The input impedance is: $$i_x=-g_mv_x$$ $$R_{in}=\frac{1}{g_m}$$ The output impedance is: $$R_{out}=R_D$$ This is similar to the common base stage.

Adding a resistor to the source causes the gain to become: $$A_v=\frac{R_D}{\frac{1}{g_m}+R_S}$$ When a source resistance is presence, the voltage gain is equal to the CS with degeneration, but positive.

Adding a voltage divider to the gate ($R_1,R_2$) and a resistor to ground at the source ($R_3$) causes the gain to become: $$A_v=\frac{R_3||(1/g_m)}{R_3||(1/g_m)+R_S}g_mR_D$$ Here $R_1$ and $R_2$ provide a bias voltage and $R_3$ provides a path for the DC bias current of the transistor to flow to ground. The voltage divider does not affect the small signal behaviour at low frequencies.

Source follower

The source follower is similar to the BJT emitter follower. There is a resistor connected to the emitter, where the output is taken. The input is provided to the gate. The gain is: $$A_v=\frac{g_m(r_0||R_L)}{1+g_m(r_0||R_L)}<1$$ The input impedance is infinite and the output impedance is: $R_{out}=\frac{1}{g_m}||r_0||R_L$. The output impedance is relatively low with a high input impedance, making it a good candidate as a buffer.

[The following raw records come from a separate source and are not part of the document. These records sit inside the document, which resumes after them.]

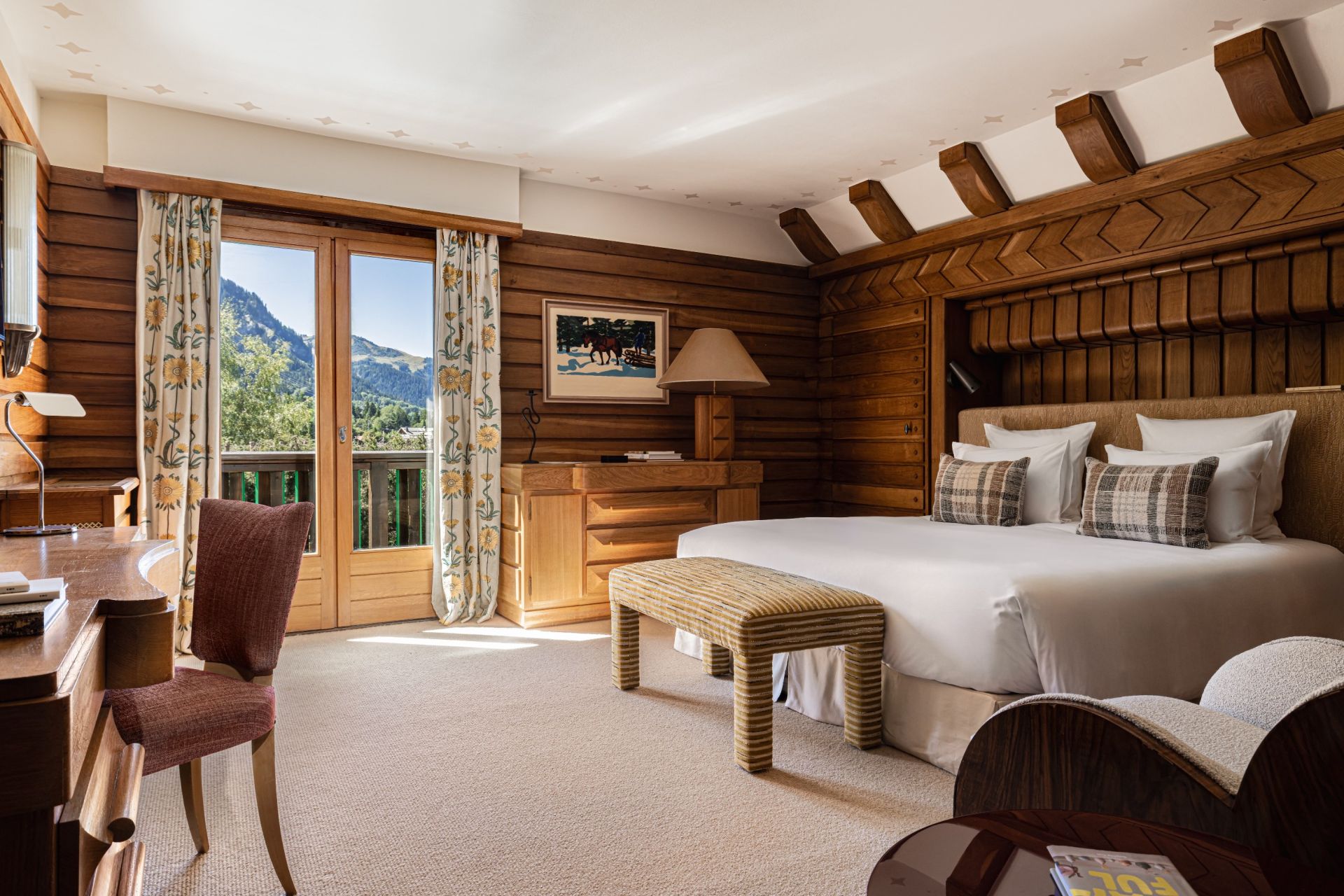 luxury chalet 11 Rooms for seasonal rent on MEGEVE (74120)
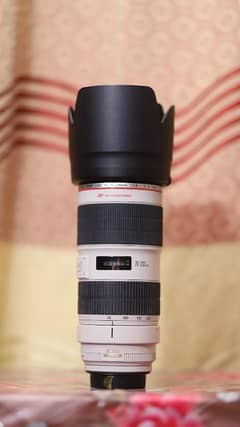 Canon 70.200 mm is ii 2.8 10/10 condition no open no repair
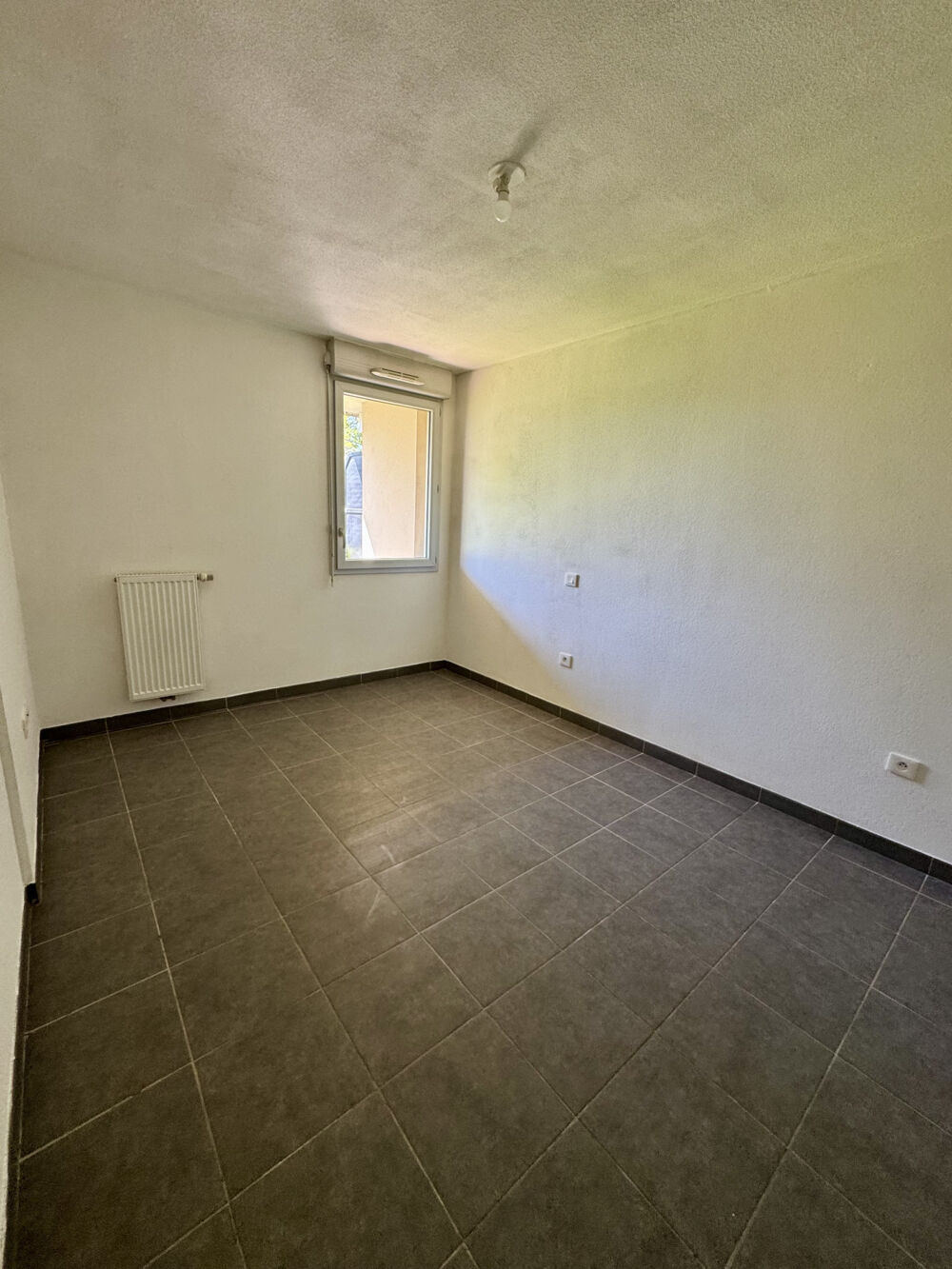 Vente Appartement T2 lumineux avec terrasse et parking   Toulouse Toulouse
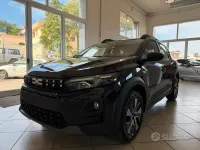 Nuova Dacia Sandero Stepway 122 CV (89 kW) 2026 Nero Berlina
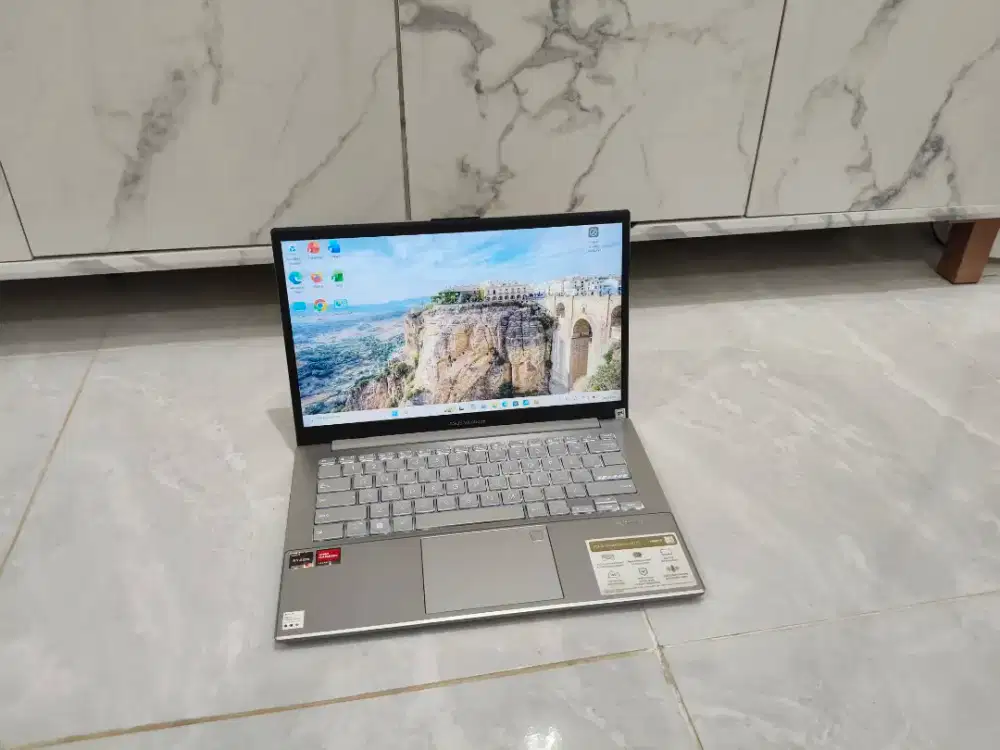 laptop asus ryzen 3 7320U 8/256GB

Common biasing has a resistor between $V_{DD}$ and the gate $R_G$ and capacitors between the input and output. $$I_D=\frac{1}{2}\mu_nC_{ox}\frac{W}{L}(V_DD-I_DR_S-V_{TH})^2$$

Cascode configurations

Cascode current sources

A resistive current source has a linear relationship between current and voltage. An ideal current source has a constant relationship between current and voltage, effectively immune to resistance. For a MOSFET, the saturation region functions effectively as an ideal current source, with the current independent of the voltage provided $V_{DS}$ doesn't fall into the triode region. A NMOS draws current from a point to ground, sinking the current. A PMOS draws current from $V_{DD}$ to a point, sourcing current. In both, the rest of the circuit must be connected to the drain for the transistor to act as a current source. The same is true for BJTs. This is because we need a constant $V_{BE}$ and a large $R_{out}$. Using a transistor as a current source allows us to maximise the voltage gain, realising the same gain at a lower voltage, with a smaller voltage drop. Additionally, transistors are smaller than resistors, saving space on an IC.

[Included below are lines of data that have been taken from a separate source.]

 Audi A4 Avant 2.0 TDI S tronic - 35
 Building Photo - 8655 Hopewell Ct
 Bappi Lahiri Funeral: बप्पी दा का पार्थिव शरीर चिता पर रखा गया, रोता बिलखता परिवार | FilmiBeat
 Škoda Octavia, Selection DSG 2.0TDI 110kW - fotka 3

The Early effect affects the current source, by adding in a resistance, but this can be reduced by adding emitter degeneration. We can replace the emitter resistor with a cascode transistor. $$R_{out}=[1+g_m(R_E||r_\pi)]r_0+R_E||r_\pi=[1+g_{m1}(r_{02}||r_{\pi1})]r_{01}+r_{02}||r_{\pi1}\approx g_{m1}r_{01}(r_{02}||r_{\pi1})$$ Adding the emitter resistor massively increases the output impedance, but does so with diminishing terms. The maximum output impedance is: $$R_{out,max}=\beta_1r_{01}$$ The maximum output is bounded by $r_{\pi}$ from the first transistor. The first transistor is the one closest to the rest of the circuit.

For a CMOS cascode stage, the output resistance is: $$R_{out}=(1+g_mR_s)r_0+R_S=(1+g_{m1}r_{02})r_{01}+r_{02}=r_{02}(g_{m1}r_{01}+1)\approx g_{m1}r_{01}r_{02}$$ This is the same as BJT, but with out $r_\pi$. The output impedance is proportional to the intrinsic gain of the cascode device. Unlike the BJT cascode, the output impedance is not limited by $\beta$.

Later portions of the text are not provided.